Pedro Pereira, também da Anced, diz que os números de
assassinatos têm crescido no país. “A própria Anistia Internacional lançou uma
campanha, em novembro de 2014, divulgando a informação que de 30 mil jovens
entre 15 e 29 anos assassinados no Brasil, em 2012, 77% eram negros”. Segundo
Denise, duas organizações da sociedade civil participaram da audiência: a
Justiça Global, que tratou de temas como ou autos de resistência; e a
Quilombola X, que tratou do racismo. Ambas defendem que o governo brasileiro
precisa ter respostas mais efetivas para combater o racismo e conter as mortes
da juventude negra no país.
O debate teve a participação do governo brasileiro,
representado pelo secretário de Políticas de Ações Afirmativas da Secretaria
Especial de Promoção da Igualdade Racial (Seppir), Ronaldo Barros. Segundo ele,
o governo vem implantando ações como o Plano Juventude Viva, que inclui 44
projetos para diminuir a vulnerabilidade da juventude negra. “Não há demora [na
implementação de ações], há a necessidade de aperfeiçoar os mecanismos. O
Estado não está de olhos fechado para essa situação, e tem feito ações tanto no
Executivo, quanto no Judiciário e no Legislativo”. O secretário citou também a
assinatura de protocolo de redução de barreiras de acesso à Justiça e oficinas
junto a agentes públicos para combater o racismo.
Denise ressalta que apesar de o governo ter reconhecido o
problema das mortes, ainda é preciso colocar em prática ações mais concretas.

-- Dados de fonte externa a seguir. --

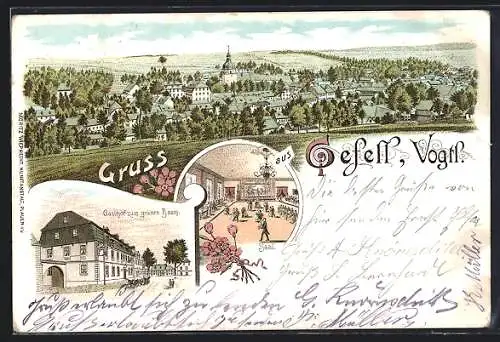 Lithographie Gefell /Vogtl., Gasthof zum grünen Baum, Inneres Saal, Teilansicht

“Eles falaram sobre o Plano Juventude Viva, que tem uma série de ações, e a
própria comissão chamou a atenção do governo porque, na verdade, tem que
apresentar ações mais concretas. Ações que realmente se traduzam em questão
eficaz, e não ficar só no debate. Reconhecer é importante, mas não é
suficiente”. Ela conta que alguns pontos foram debatidos, como a
desmilitarização da polícia e os chamados autos de resistência.

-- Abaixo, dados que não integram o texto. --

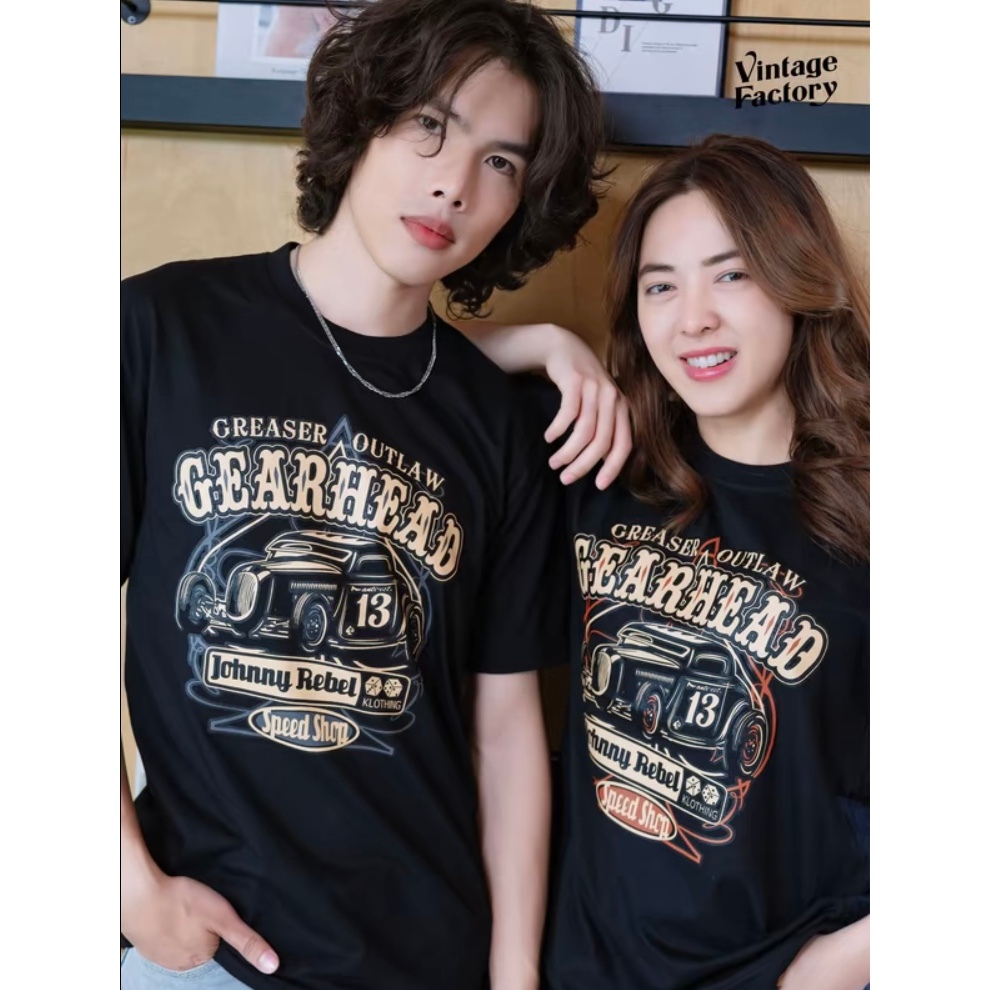 พร้อมส่งทันที รวมเลือดอีด GEARHEAD สกรีนสีดำแน่นหนา หน้าคอดดอน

“Nós estamos em período de ajustes, e não em período de
resolução imediata, e a gente espera que os novos ajustes, com ações
afirmativas – cotas, trabalho decente para as trabalhadoras domésticas –
consiga realmente incidir nesse índice de letalidade existente”, disse o
secretário. Para ele, o período de implantação das ações do plano ainda é curto
para poder avaliar se houve ou não eficácia na redução das mortes, e reforça
que os mecanismos precisam ser ajustados para serem cada vez mais eficientes.

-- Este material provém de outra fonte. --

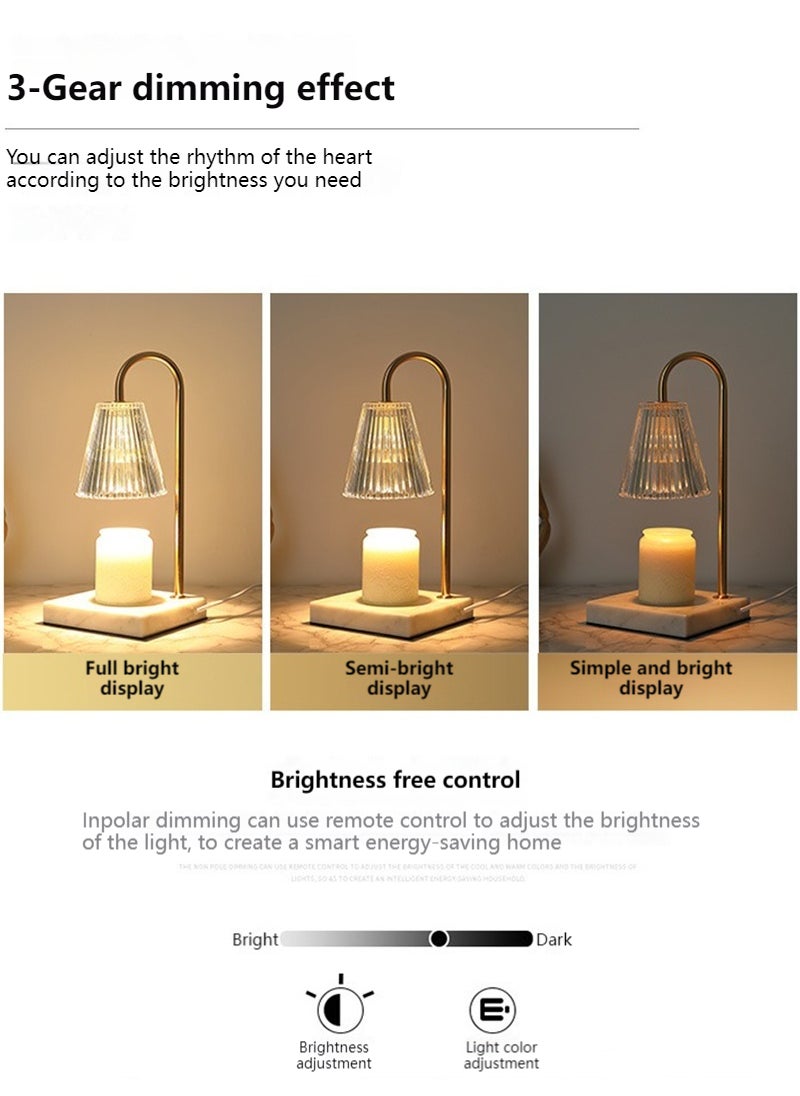 Onelight - Camellia Shade Wax Lamp Candle Warmer Lamp with High Transparency Glass Stepless Dimming Rapid Melting White Marble Base Ideal for Home Decor and Aromatherapy - Image 1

Ronaldo Barros disse que a CIDH vai fazer um conjunto de
recomendações para que o governo brasileiro tenha ações não só na esfera do
monitoramento, mas também na incidência direta sobre o controle externo da
polícia, com promotorias específicas para melhorar a acessibilidade do jovem
negro à Justiça. Para ele, o problema precisa ser debatido também na sociedade,
e a participação dos movimentos sociais é importante para por as ações em
prática. Segundo o secretário, a audiência é um espaço para debater um assunto,
não significa um processo para o país.